Jihad's Unholy Ghost

Emboldened by success in Syria, al-Qaeda occupies its old haunts in Iraq

Reuters

Tribal fighters patrol Fallujah streets on Jan. 5 as the Iraqi government faces off against al-Qaeda forces.

Few Iraqi cities bear in their dust-covered stones the tragic symbolism of America's misbegotten war like Fallujah does. It was there, in March 2004, that angry mobs pulled four Blackwater USA contractors out of their vehicles and hung the bodies of two of them from a bridge over the Euphrates. And it was there, in the months following, that U.S. forces redeemed the possibility of a peaceful Iraq, fighting house to house in a costly but successful effort to make the city safe for handover to Iraqi government forces.

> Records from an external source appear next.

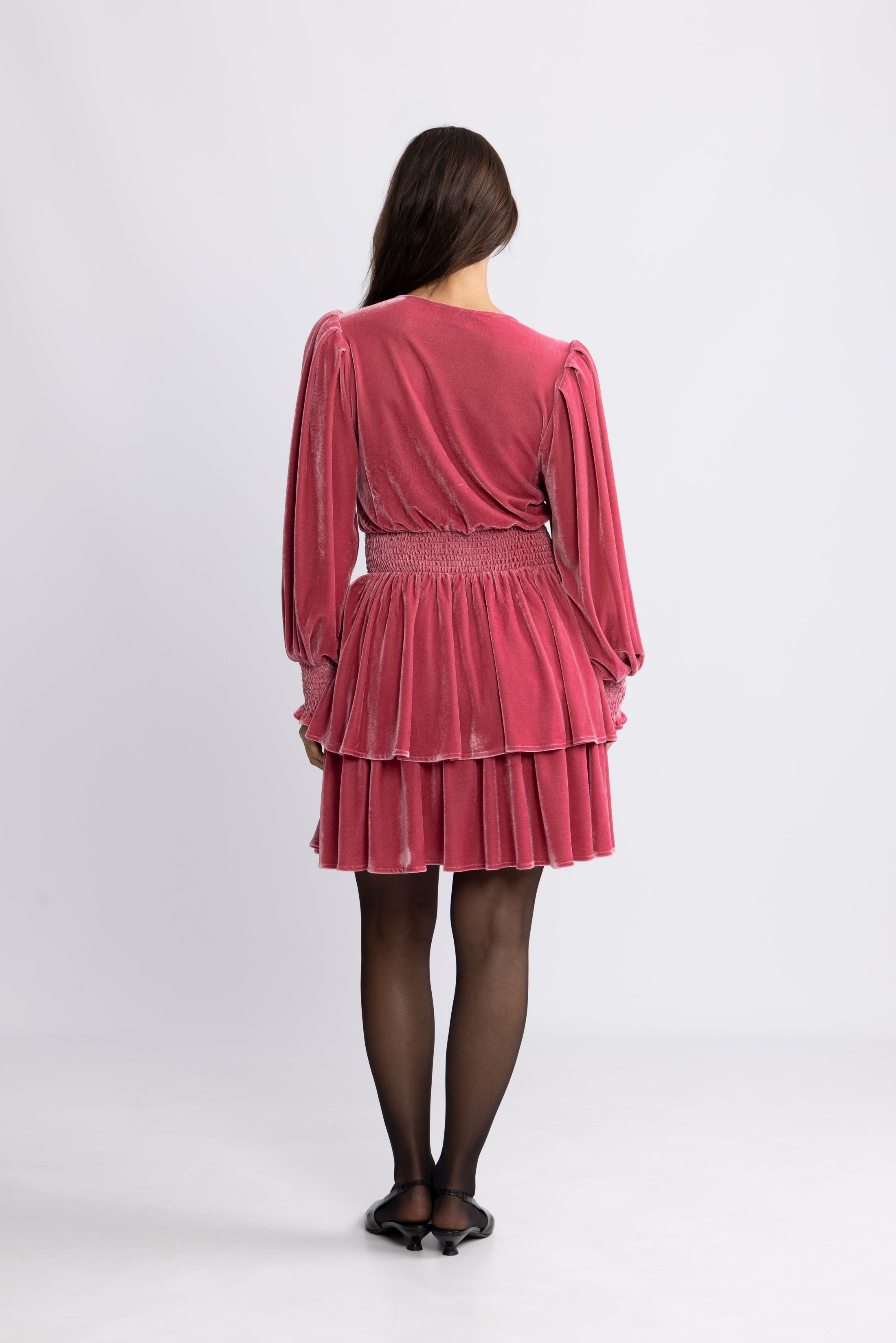 Jade Velvet Solid Dress - Dusty Pink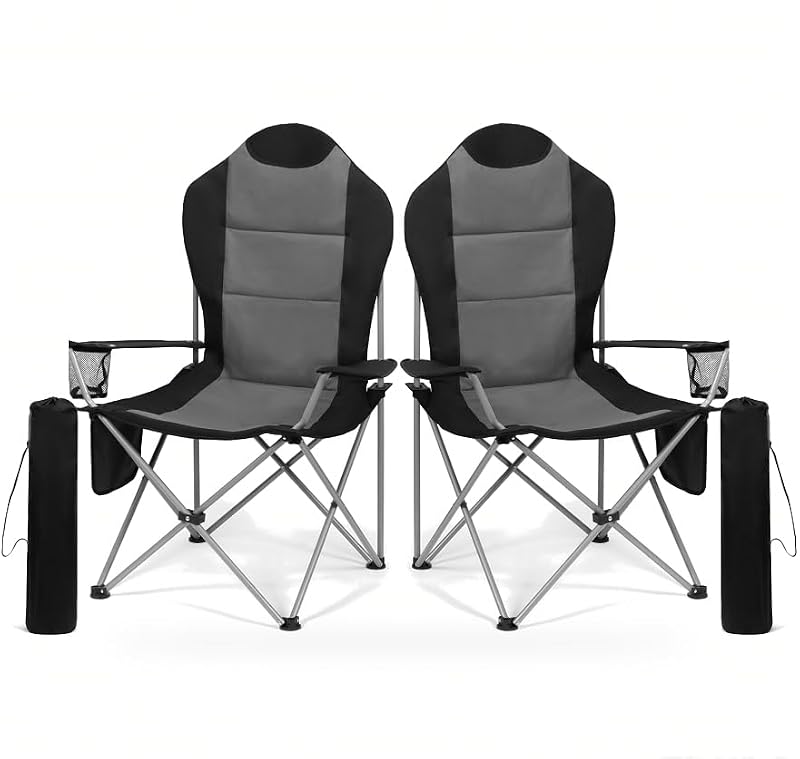 OUTSIDER High Back Camping Chair 2 Pack - Black-Gray, 400lb Capacity, Foldable Outdoor Chairs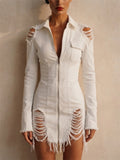 Women Zip Long Sleeve White Distressed Denim Mini Dress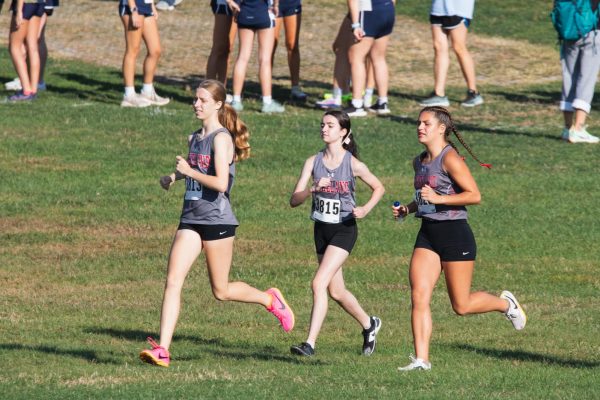 The girls team leading the pack at one of their meets. 

(LRHS)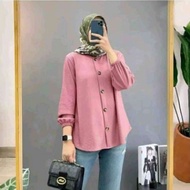 Modern long-sleeved teenage top made of cringcle airflow/blous material Wanita atdan long-sleevedPOL
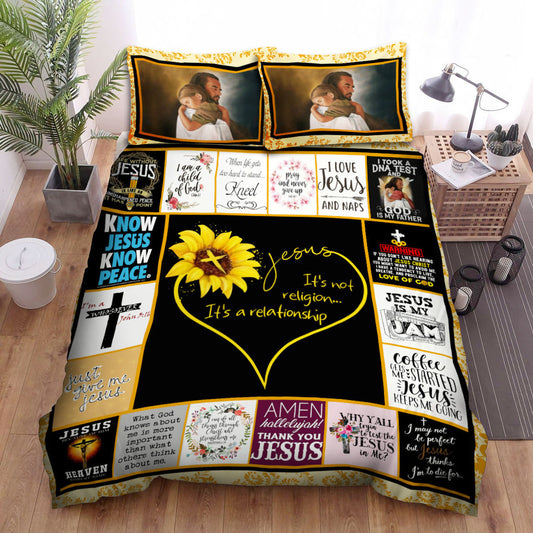 Jesus Bedding Set It's Not Religion It's A Relationship Duvet Covers Black Yellow Unique Gift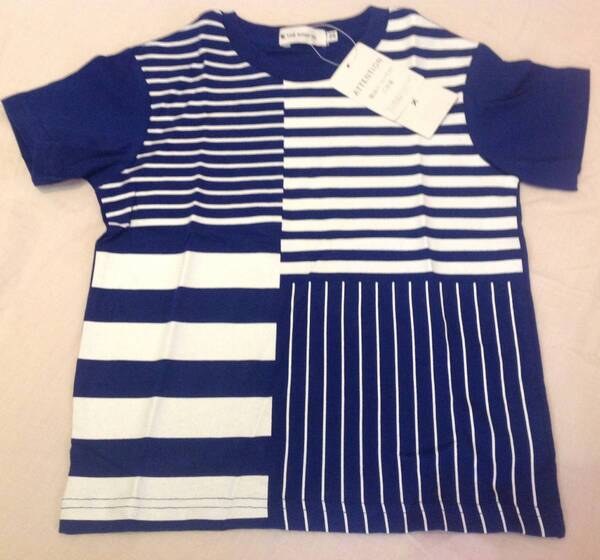 新品 THE SHOP TKボーダー×ストライプTシャツ ブルー(092) 15(150cm) 定価1,089円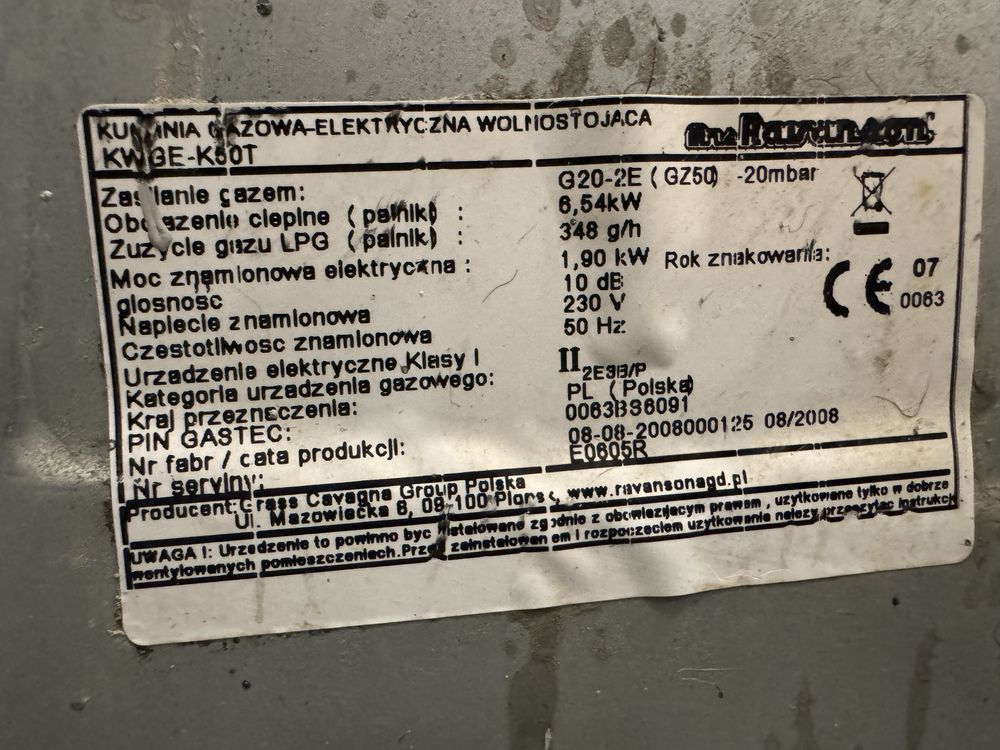 Kuchenka gazowa-elektryczna KWGE K50T sprawna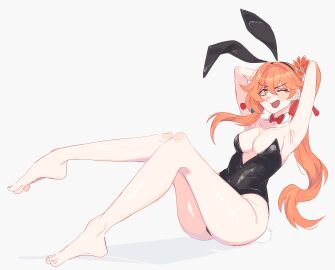 1girls blush blush_lines breasts bunny_costume bunny_ears bunnysuit female guinaifen_(honkai:_star_rail) honkai:_star_rail hoyoverse infamcantaloupe light-skinned_female light_skin looking_at_viewer orange_hair solo solo_female unfamousradish white_skin wink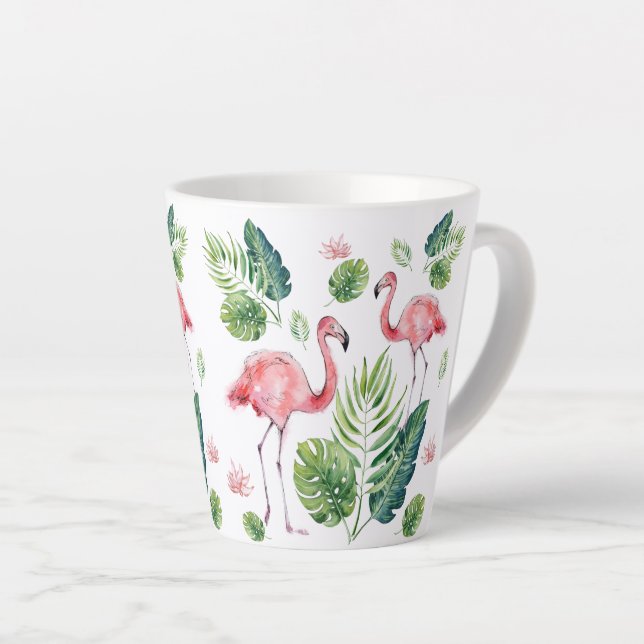 Tasse Latte Beau motif aux flamants roses (Angle droit)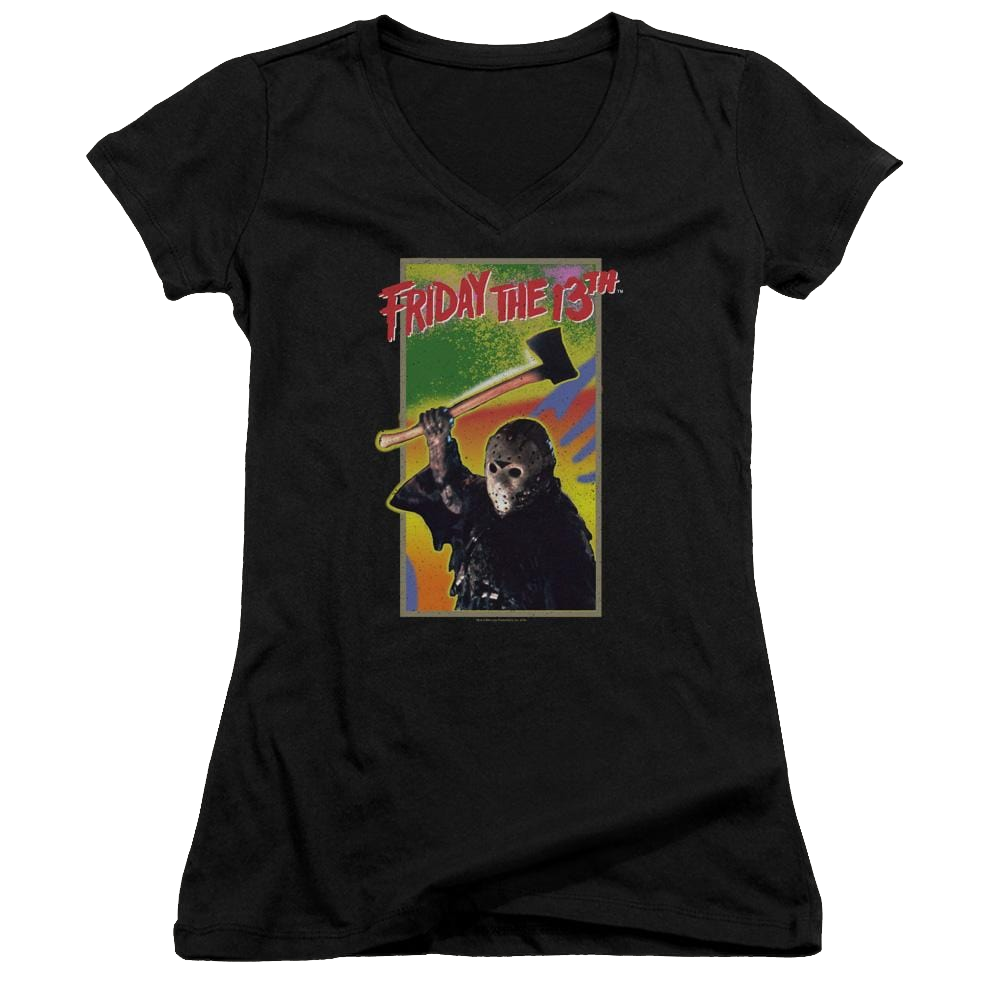 Friday The 13th Retro Game - Juniors V-Neck T-Shirt Juniors V-Neck T-Shirt Friday The 13th   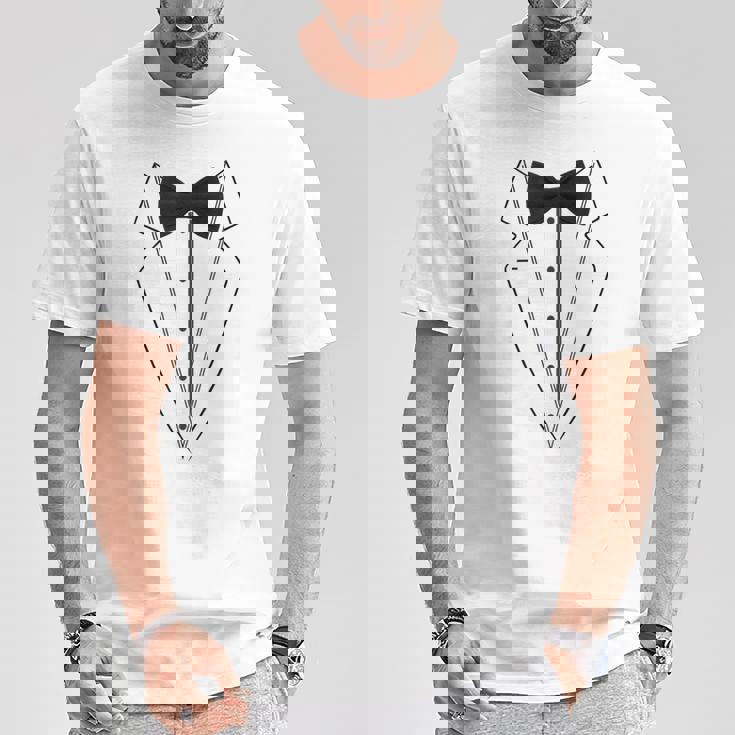 蝶ネクタイ付きホワイトtシャツ タキシード 面白いシャツ Tシャツ 面白い贈り物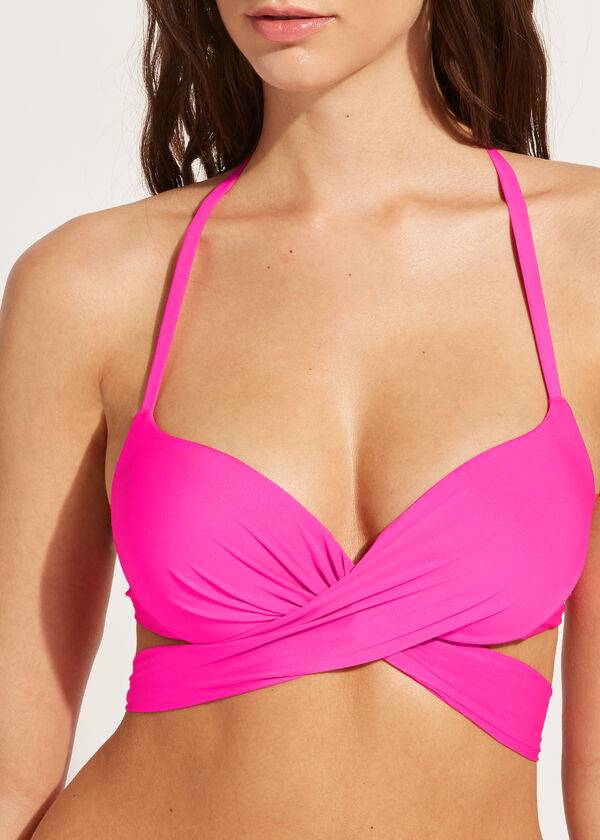 top bikini rosa da donna calzedonia con imbottitura graduata push-up indonesia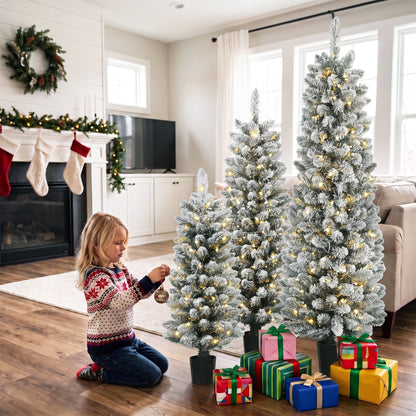 Prelit Snowy Flocked Artificial Christmas Tree Set of 3, 3FT/4FT/5FT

So the pain was anything but symbolic for U.S. veterans of the Iraq War when they learned that the city had fallen again on Jan. 4, not just to armed rebels eager to oust the Baghdad government but to a powerful al-Qaeda affiliate, known as the Islamic State of Iraq and Greater Syria (ISIS), that is among the most feared in the Middle East.

ISIS is a threat well beyond Fallujah, thanks to the leadership of Abu Bakr al-Baghdadi. Though he has shown little appetite to attack the U.S., the represents the kind of Islamic extremist who counterterrorism officials believe may pose the greatest terrorist threat to Americans in the post-bin Laden era.